This week, retailer Marks & Spencer came under fire for a window display in a Nottingham store, which positioned a lingerie display branded "must-have fancy little knickers" next to a menswear display labelled "must-have outfits to impress." On social media, feminists criticised called Marks & Spencer's "sexist" window display, while a campaigner altered the window to read "must-have fancy little full human rights." But the retailer has defended the display, suggesting critics have taken it out of context and insisting any changes to the window won't be a response to criticism.
According to the Guardian, the controversy began when Fran Bailey, a Nottingham shopper, posted a photo of the shop window in a Facebook group called Feminist Friends Nottingham. "OK, M&S Nottingham, have we really not learned anything in the last 35 years?" Bailey wrote. "Or am I alone in finding this, their major window display, completely vomit inducing?"
Speaking to the Guardian, Bailey criticised the display's "normalisation of damaging gender stereotypes through the juxtaposition of images of women apparently obsessed with 'fancy little knickers' with images of fully clothed men being 'dressed to impress' in suits." She also called the "must-have" slogan "really crass," as "huge numbers of Britons are struggling with poverty."
Bailey said, "The problem is that we’re so browbeaten by this sort of imagery that we don’t even recognise what it is anymore. It’s pandering to notions of gender that are so outdated that it’s unbelievable that it’s still being spouted out. I’m disgusted because I’d have thought that M&S was a grown-up store that knew better." She added, "I know M&S is not the worst offender by any means but this particular juxtaposition is just grotesque."

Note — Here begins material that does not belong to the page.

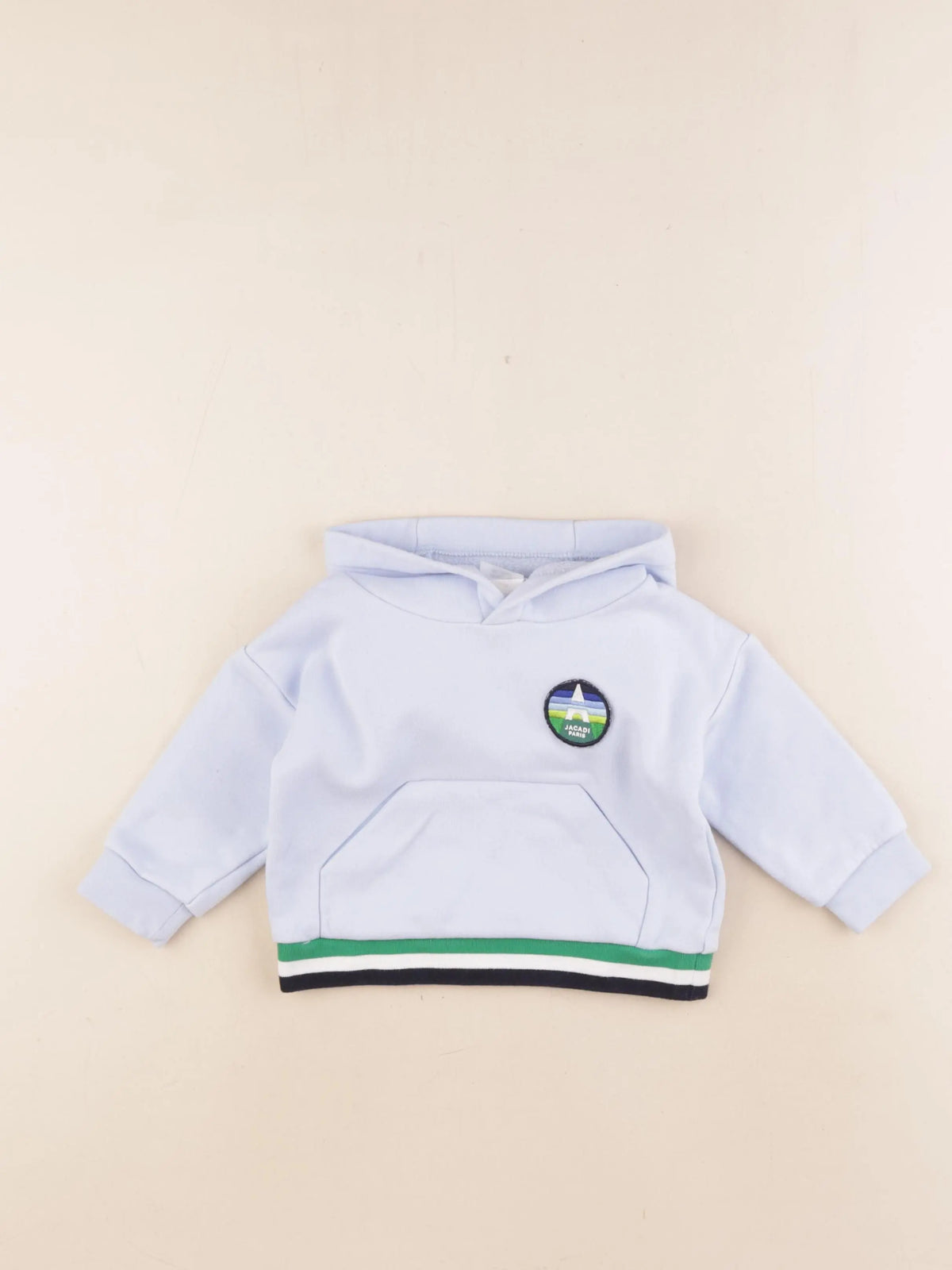 Jacadi - sweat bleu - 12 mois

As the BBC reports, Marks & Spencer said in a statement, "We've highlighted one combination in our windows, which are part of a wider campaign that features a large variety of must-have Christmas moments, from David Gandy washing up in an M&S suit through to families snuggling up in our matching PJs." I've reached out to the retailer for additional comment and will update you as soon as I hear back.
Model David Gandy responded to the criticism on Twitter, saying men could also find "must have fancy knickers" at Marks & Spencer and linking to his own underwear range. When a Twitter user accused him of missing the point of the controversy, Gandy said he was "not missing the point at all. Just making fun of it, as many people are getting their knickers in a twist about it."
In a statement, M&S told the BBC that the window display would not be changed in response to the accusations of sexism, saying any alterations would be the result of routine updates. The nationwide ad campaign will also remain the same.
In a subsequent tweet, Gandy directly mocked Fran Bailey's original Facebook post, writing, "I'm outraged that M&S had me wearing 'must have fancy little washing up gloves' to do the washing up! Have we not learnt anything over the last 35 years. We all have dishwashers!" I've reached out to Gandy's reps for comment, but haven't yet received a response.